What is already known about this subject?

  • All available case series describing lung cancer symptoms at diagnoses have a limited sample size. Furthermore, there is little research showing how lung cancer symptoms may differ between stage at diagnosis, smoking status or non-small cell lung cancer (NSCLC) and small cell lung cancer. We aim to describe lung cancer symptoms broken down according to these characteristics using the highest sample size published to date.

What does this study add?

  • The most frequent symptom in NSCLC patients was cough (33%), followed by chest pain (25%). There is no clear predominant symptom, even in advanced stages. The presence of symptoms increases across stages. However, less than 50% of all stage IV patients have only one or two symptoms at diagnosis. There were no differences between smokers and never smokers in terms of presence of symptoms, or in the number of symptoms present at diagnosis

How might this impact on clinical practice?

  • This information confirms the lack of specificity of lung cancer symptoms and the fact that the absence of the most frequent symptoms (ie, cough, pain and dyspnoea) should in no case lead to a decision to rule out the presence of this disease.


Lung cancer is a serious public health problem worldwide. Although its incidence is falling in some countries, it continues to rise in others, particularly due to women’s late incorporation into the smoking habit. In the USA, incidence of lung cancer accounts for 13% and 12% of all cancer cases in men and women, respectively, and is the second leading cancer overall.1 It is also the leading cause of cancer-related deaths in both sexes, with one in four cancer-related deaths. In Spain, lung cancer is the third most incident tumour in both sexes; it is the most lethal cancer in men and the second in women.2

Lung cancer survival is very low and has hardly improved in recent decades despite important advances in immunotherapy and targeted therapies. Even so, over half of cases are diagnosed in stage IV. In the USA, the 5-year survival stands at 19.4%.3 The CONCORD-3 study, based on cases diagnosed from 2000 to 2014, indicates a 5-year survival of 13.5% in Spain, similar to the UK rate but lower than that of Switzerland and Sweden (around 20%).4

This high percentage of late diagnoses is largely due to the non-specificity of most of the symptoms, to the fact that they are not as frequent as would be expected or to patient’s delay in consulting their physician. Lung cancer symptomatology may be manifestly present in the diagnosis or consist of a general constitutional syndrome in which there is no clearly predominant specific lung cancer symptom.5 The most frequent symptoms described in the literature (although with variations according to the study in question) are persistent cough, haemoptysis, chest pain, dyspnoea, cervical or supraclavicular lymphadenopathies, weight loss, metastatic pain, fatigue and fever.6 While many of these symptoms can manifest jointly, something that facilitates diagnosis, a good number are also associated with the extent of disease at diagnosis. The presence of symptoms has been associated with prognosis of lung cancer7 but few studies have analysed this symptomatology by reference to disease stage at diagnosis. In addition, there are few studies that compare the presence of symptomatology in smokers versus non-smokers. Furthermore, published studies, despite having sample sizes of over 1000 patients in some instances, continue to have insufficient-sized samples that accurately describe the presence of the symptoms which, though manifested less frequently, have a high pre-test probability, as is the case of superior vena cava syndrome and haemoptysis. Indeed, a systematic review published in 20148 concluded that, “Prospective studies are now needed that systematically record symptoms and explore their predictive values for lung cancer diagnosis.”

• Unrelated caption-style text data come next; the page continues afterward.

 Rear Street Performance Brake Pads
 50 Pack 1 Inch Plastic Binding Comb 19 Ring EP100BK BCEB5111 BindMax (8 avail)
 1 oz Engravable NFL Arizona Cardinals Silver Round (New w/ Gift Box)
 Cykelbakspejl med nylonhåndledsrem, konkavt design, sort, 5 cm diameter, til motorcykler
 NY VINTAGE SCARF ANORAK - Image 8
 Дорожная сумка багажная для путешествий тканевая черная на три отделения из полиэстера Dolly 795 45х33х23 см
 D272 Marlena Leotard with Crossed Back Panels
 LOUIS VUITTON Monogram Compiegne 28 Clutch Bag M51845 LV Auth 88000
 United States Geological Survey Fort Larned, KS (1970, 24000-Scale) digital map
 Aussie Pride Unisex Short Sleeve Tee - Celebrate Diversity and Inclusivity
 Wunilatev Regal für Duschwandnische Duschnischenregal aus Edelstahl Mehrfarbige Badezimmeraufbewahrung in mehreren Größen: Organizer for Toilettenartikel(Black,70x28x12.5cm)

Accordingly, this nationwide, multicentre, and retrospective analysis of prospectively and retrospectively collected information describes lung cancer symptoms in a recently diagnosed and representative case series, analysing separately non-small cell lung cancer (NSCLC) and small cell lung cancer (SCLC); and specifically assess whether symptomatology might differ by stage at diagnosis and tobacco use.

Materials and methods

Design and setting

In terms of epidemiological design, this was a retrospective analysis of prospectively and retrospectively collected information from cases drawn from the Thoracic Tumour Registry managed by the Spanish Lung Cancer Group (SLCG), an independent cooperative group made up of more than 500 members, fundamentally medical oncologists.9

In 2015, we decided to initiate a nationwide multicentre epidemiological study aimed at ascertaining the characteristics of lung cancer cases, their treatments and survival, in an effort to offset the existing lack of information caused by the absence of a national cancer registry. The study was designed to be opened to all Spanish hospitals; the first patient was enrolled in August 2016 and the recruitment is still ongoing. For study purposes, patients were drawn from 58 hospitals distributed throughout the country’s Autonomous Regions, and other results from this Registry have recently been published.9 The Registry was approved by the SLCG and is registered in the database (NCT02941458). The protocol approval was obtained from the institutional review board of the Puerta de Hierro University Teaching Hospital (Majadahonda, Madrid) (no. PI 148/15).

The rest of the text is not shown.